Vu la requête, enregistrée le 6 mars 2003 au secrétariat du contentieux du Conseil d'Etat, présentée par le PREFET DE LA GIRONDE ; le PREFET DE LA GIRONDE demande au Conseil d'Etat :
1°) d'annuler le jugement du 21 février 2003 par lequel le magistrat délégué par le président du tribunal administratif de Bordeaux a annulé son arrêté du 6 février 2003, en tant qu'il fixe l'Algérie comme pays à destination duquel M. Toufik A sera reconduit ;
2°) de rejeter les conclusions présentées par M. A devant le tribunal administratif de Bordeaux en tant qu'elles sont dirigées contre cette décision ;
Vu les autres pièces du dossier ;
Vu la convention européenne de sauvegarde des droits de l'homme et des libertés fondamentales ;
Vu l'ordonnance n° 45-2658 du 2 novembre 1945 modifiée ;
Vu la loi n° 91-647 du 10 juillet 1991 ;
Vu le code de justice administrative ;
Après avoir entendu en séance publique :
- le rapport de Mme Martine Jodeau-Grymberg, Conseiller d'Etat,
- les observations de la SCP Lyon-Caen, Fabiani, Thiriez, avocat de M. A,
- les conclusions de Mme Emmanuelle Prada Bordenave, Commissaire du gouvernement ;
Considérant qu'aux termes de l'article 27 bis de l'ordonnance du 2 novembre 1945 relative aux conditions d'entrée et de séjour des étrangers en France : Un étranger ne peut être éloigné à destination d'un pays s'il établit que sa vie ou sa liberté y sont menacées ou qu'il y serait exposé à des traitements dégradants contraires à l'article 3 de la convention européenne de sauvegarde des droits de l'homme et des libertés fondamentales et qu'aux termes de l'article 3 de la convention européenne de sauvegarde des droits de l'homme et des libertés fondamentales : Nul ne peut être soumis à la torture, ni à des peines ou des traitements inhumains ;
Considérant qu'il ressort des pièces du dossier que M. A, commerçant, a fait l'objet de menaces de la part de personnes se présentant comme appartenant à la mouvance islamiste et que des membres de sa famille ont été assassinés ; qu'ainsi, et nonobstant le fait que l'asile territorial lui a été refusé, il pourrait personnellement être exposé en cas de retour en Algérie à des traitements contraires aux stipulations de l'article 3 de la convention européenne de sauvegarde des droits de l'homme et des libertés fondamentales et à l'article 27 bis de l'ordonnance du 2 novembre 1945 ; que, par suite, le PREFET DE LA GIRONDE n'est pas fondé à soutenir que c'est à tort que, par le jugement attaqué, le magistrat délégué par le président du tribunal administratif de Bordeaux a annulé, pour ce motif, sa décision du 6 février 2003 fixant l'Algérie comme pays à destination duquel il sera reconduit ;
Sur l'application des dispositions de l'article L. 761-1 du code de justice administrative :
Considérant qu'il y a lieu, dans les circonstances de l'espèce, de faire application des dispositions combinés de l'article L. 761-1 du code de justice administrative et de l'article 37 de la loi du 10 juillet 1991 et de mettre à la charge de l'Etat la somme de 2 000 euros que la SCP Lyon-Caen, Fabiani, Thiriez, avocat de M. A, qui renonce à percevoir la somme correspondant à la part contributive de l'Etat au titre de l'aide juridictionnelle dont bénéficie ce dernier, demande sur le fondement de ces dispositions ;
D E C I D E :
--------------
Article 1er : La requête du PREFET DE LA GIRONDE est rejetée.

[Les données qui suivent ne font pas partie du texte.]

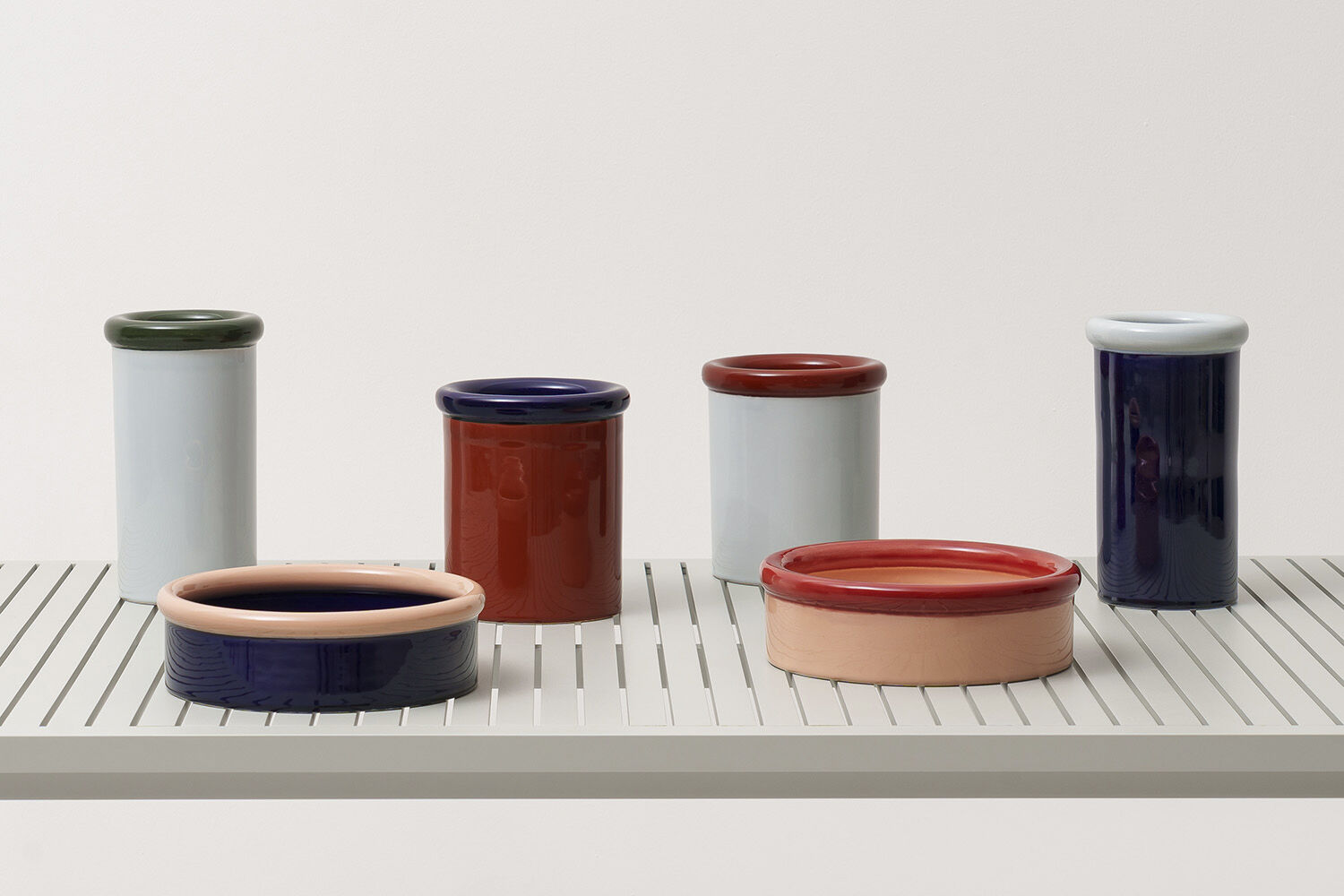 ROD Bowl ceramic H70 x &Oslash;233 Coral/Dark blue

Article 2 : L'Etat versera la somme de 2 000 euros à la SCP Lyon-Caen, Fabiani, Thiriez, avocat de M. A, qui renonce à percevoir la somme correspondant à la part contributive de l'Etat au titre de l'aide juridictionnelle dont bénéficie M. A.
Article 3 : La présente décision sera notifiée au PREFET DE LA GIRONDE, à M. Toufik A et au ministre de l'intérieur, de la sécurité intérieure et des libertés locales.